だけど、ゴブリン唯一の需要あるものは首の骨である。だが、これも需要が高いわけでは無く、買い取るとしたらこれしかない程度のものである。
この骨の用途としては、砕いて家畜の餌に混ぜるか、肥料として使うらしい。
そのことを2人に説明したところ、骨を餌に使うと家畜の病気の危険性は無いのか、なんて質問が出て来たが、そんなのは俺の知ったことじゃない。
あとで、メリナにそれとなく聞いてみたところ、ゴブリンは骨に栄養を集めて、肉部分には最低限の栄養しか回さないらしい。だから、そんな重要な部分は、病気の元となるものは入ってこないようになっているらしい。
と言っても、ゴブリンの栄養なんてたかが知れてるため、骨の中でも一番栄養が高い首の骨だけ、価値が少しあるらしい。
その首の骨が討伐の証拠となるため、合計9体分の解体を行なった。
ゴブリンが出てくる範囲の端ということもあり、解体中はゴブリンは現れなかった。
首の骨以外の部位は、そこらへんに集めて置いておくことで、3日前後でスライムなどがその死体を消してくれる。
「2人ともどうする。すでに目標数は達しているけど、まだ奥に進むか?」
「まだ目標数に達したと言っても、半分以上はご主人様の手柄じゃないですか。それに元々5体で終わらせる気はなかったんで、ガンガン奥いきたいです」
俺とアリスはアランの言い分に納得して、奥に進むことにした。
その後も、ゴブリンを中心にモンスターを狩っていた。
そして、周りにゴブリンの死体が積み上がって、日もまた真上に上がったところで、昼食とすることにした。
「ゴブリンが6体ぐらいまでなら、安定して倒せるようになったな」
アリスがナイフで足止めして、アランがトドメを刺すという形が一番安定して勝てている。

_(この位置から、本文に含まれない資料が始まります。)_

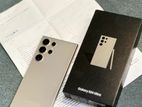 Samsung Galaxy S24 Ultra DualSim (Used)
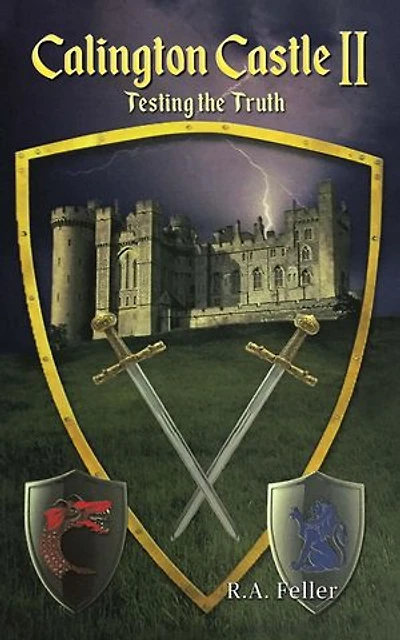 Callington Castle II: Testing the Truth
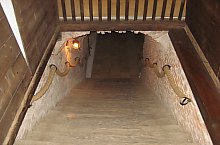 Cetatea de Balta, Bethlen-Haller castle, Photo: Táncos Levente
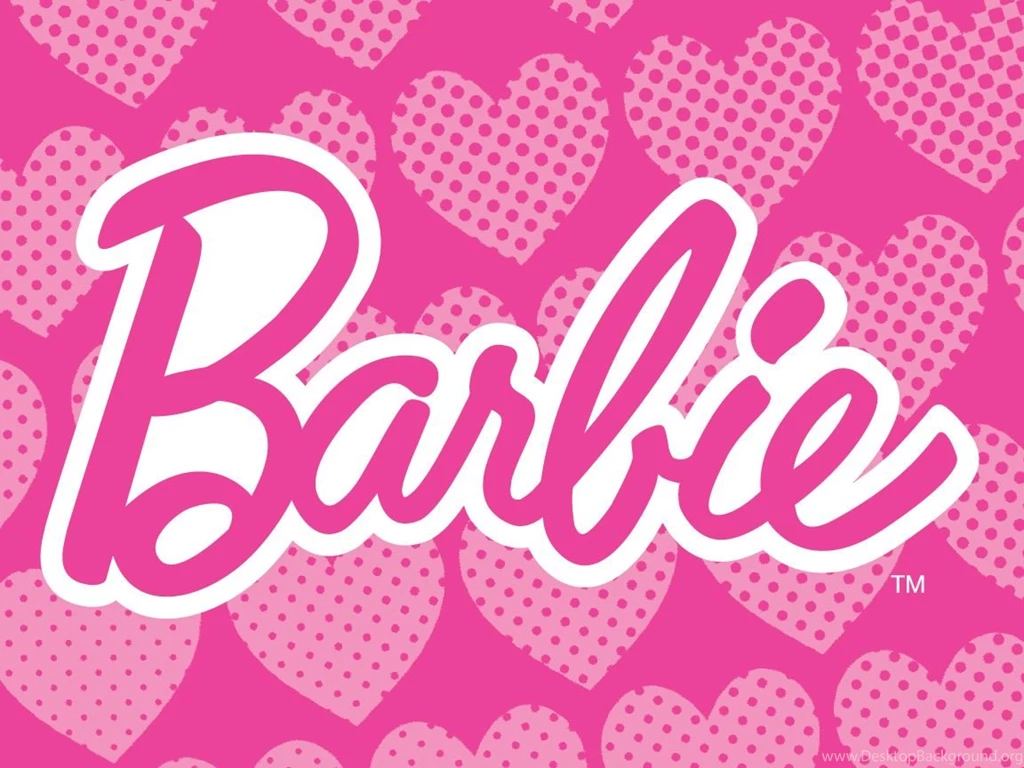 Wallpapers Barbie Logo Hawaii Dermatology Ajilbab Com Portal ...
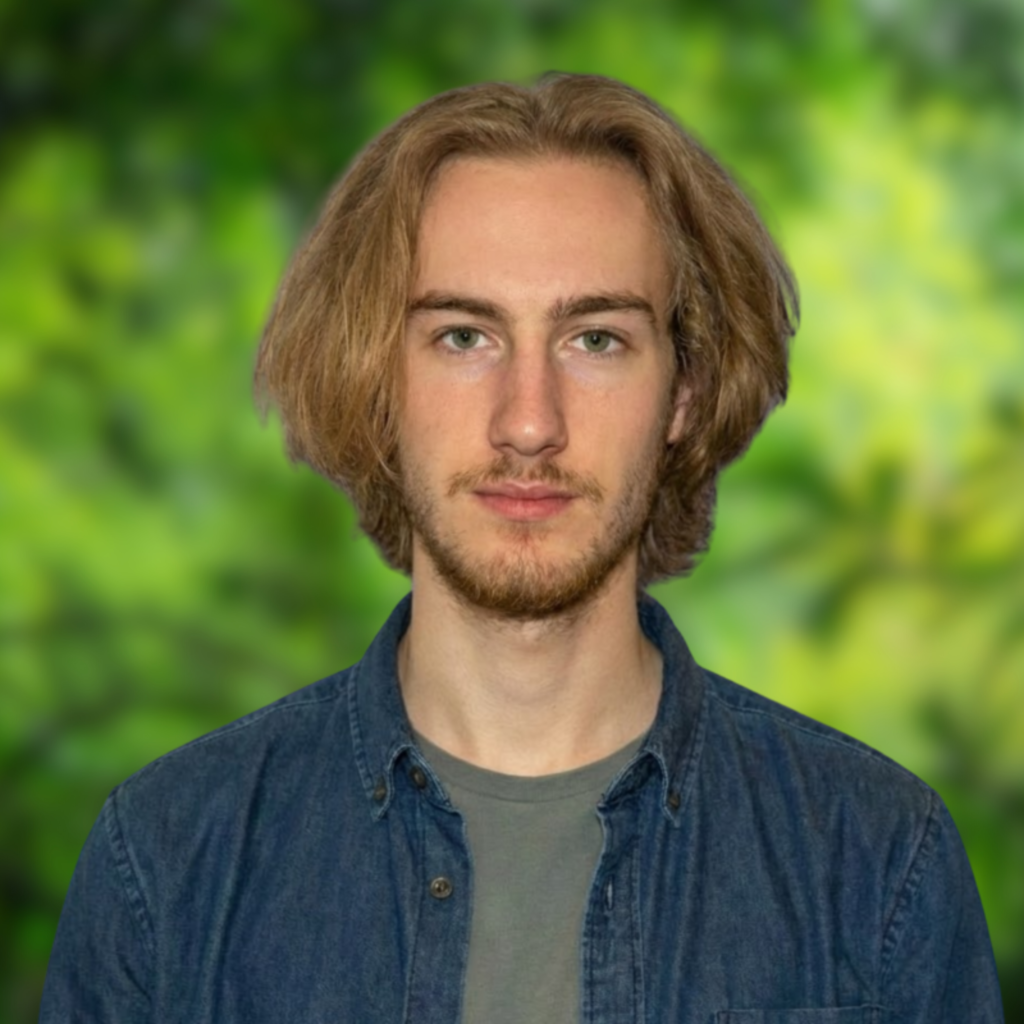 Cтас Наумов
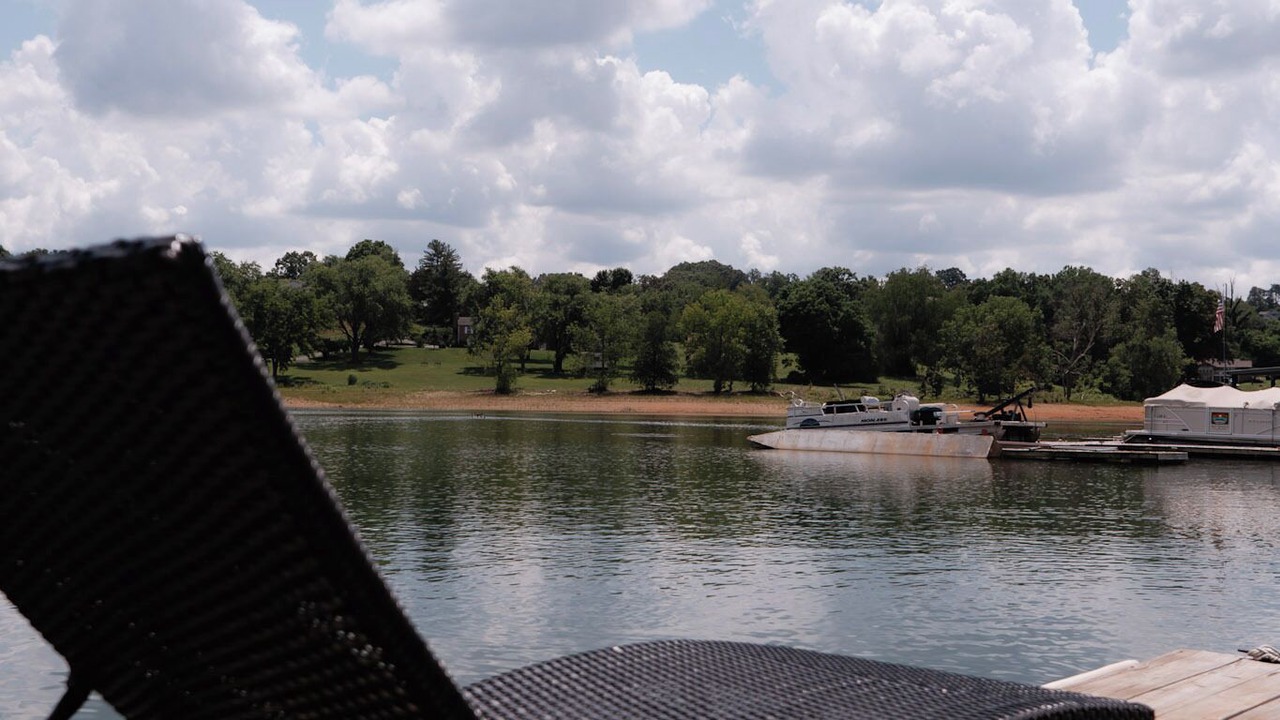 Photo of Outdoor in Morristown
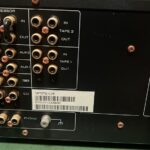Marantz PM 78 geintergeerde vetsterker - Marktplaats Afbeelding 3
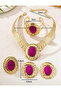 1 Set Yeni Abartılı - 5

本当は戦闘の立ち回りとかは、俺から指導するつもりだったけど、ジョブの恩恵なのか、2人の動きは俺が口出せるほど杜撰なものではなかった。
「解体は後回しにして、先に昼食でも取るか」
俺はそう言いつつ、周りに積み上げられた未解体のゴブリンを影の中に収納していく。
解体中にもゴブリンは襲って来て、次々とゴブリンの死体が出来上がっていくのだ。
流石に死体の山の中で、ご飯は食いたくないから、解体は後回し、正確には森の端で行うつもりだ。
昼食は、サンドイッチという食べ物だ。
これはアリスの世界であったという食べ物で、俺が好きな料理の一つでもある。
このサンドイッチに使われているマヨネーズというものは、とても美味しくて、俺は好きだ。これもアリスが作ったものだ。
これらは、アリスがたまに働きに行ってる宿屋(調理場を貸してくれた場所)での有名な食べ物となっている。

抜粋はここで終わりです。